Ciò rischierebbe di conferire al premier una legittimazione democratica non piena, qualora non superi il 50% dei voti. In quel caso chiunque, dall’opposizione o dalle fila degli opinionisti, potrebbe ricordargli di non avere molto titolo a parlare a nome del popolo, che in quel caso avrebbe in maggioranza votato per altri candidati, e che in un ipotetico secondo turno di ballottaggio, contro il secondo classificato del primo turno, non si potrebbe sapere come sarebbe andata a finire, ed il premier eletto nel turno unico avrebbe potuto anche perdere. Questo indesiderabile effetto del turno unico maggioritario è sanabile solo con il doppio turno di ballottaggio a due, che impone il passaggio alla maggioranza assoluta, conferendo una piena legittimazione democratica. Non a caso, e allargando l’analisi anche oltre l’Occidente propriamente inteso, il maggioritario a doppio turno è sostanzialmente la regola nelle elezioni presidenziali dirette (oltre alle sopracitate Francia, Finlandia e Portogallo, anche in Brasile e Turchia), nelle quali si viene eletti presidenti se si supera il 50% dei voti, al primo o al secondo turno (caso a sé l’Argentina, dove vige il doppio turno, ma a determinate condizioni può bastare anche una sola votazione ed una percentuale minore, se un candidato supera al primo turno il 45%, oppure il 40% con un vantaggio di almeno il 10% sul secondo; più difficile invece considerare eccezione gli USA, dove vige, si, un sistema a turno unico, ma che non prevede il collegio unico nazionale, bensì tanti collegi quanti sono i singoli stati della federazione, così da rendere possibile anche che vinca chi ha preso meno voti di un altro candidato, come già accaduto sia nel 2000 che nel 2016, e l’elezione risultante non è formalmente diretta, ma effettuata tramite i “grandi elettori” dei singoli stati). La forza costituzionale del premier direttamente eletto non basterebbe a sanare la parziale debolezza politica che potrebbe scaturire da un sistema elettorale a turno unico, e che anzi diminuirebbe la forza delle istituzioni, poiché il tasso di legittimazione democratica non è superabile. Quindi l’intento di rafforzare politicamente il premier rischierebbe di rimanere almeno parzialmente frustrato. 

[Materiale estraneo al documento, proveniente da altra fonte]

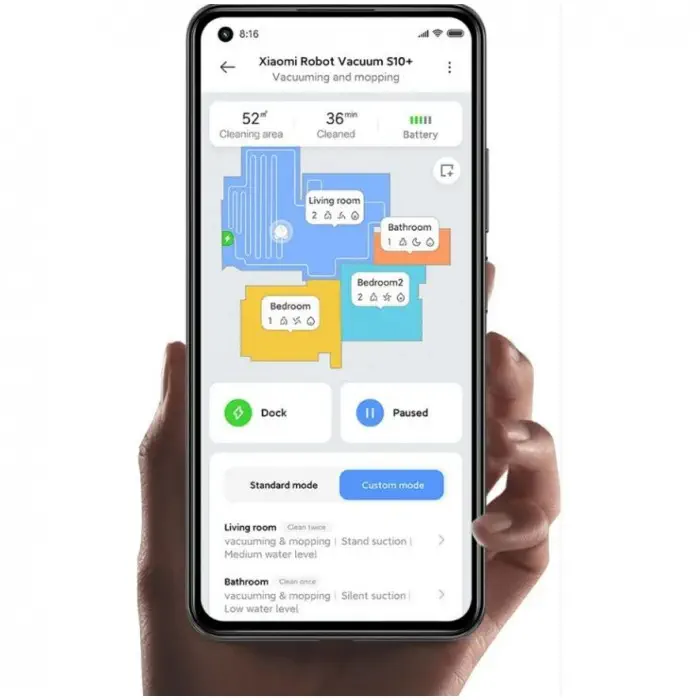 Xiaomi Robot Vacuum S10+ Robot Süpürge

Dulcis in fundo, l’abolizione dei senatori a vita. È forse l’unico aspetto della riforma condivisibile toto corde, senza patemi, anche oltre i limiti della proposta in discussione, che lascerebbe tribuna agli ex-presidenti della Repubblica. Si vorrebbe infatti che il ruolo rappresentativo, da parte delle assemblee elettive, non subisse limitazioni di nessun tipo. Non a caso, spesso nemmeno gli ex-presidenti sono membri vitalizi del parlamento, come ad esempio negli USA, dove i vari Trump, Obama e predecessori vari non hanno il seggio a vita. Ma nelle proposte a pacchetto, anche le parti più positive seguono il destino del resto della riforma, ed in un probabile referendum rischierebbero di venire bocciati insieme ad altri aspetti, più difficilmente condivisibili.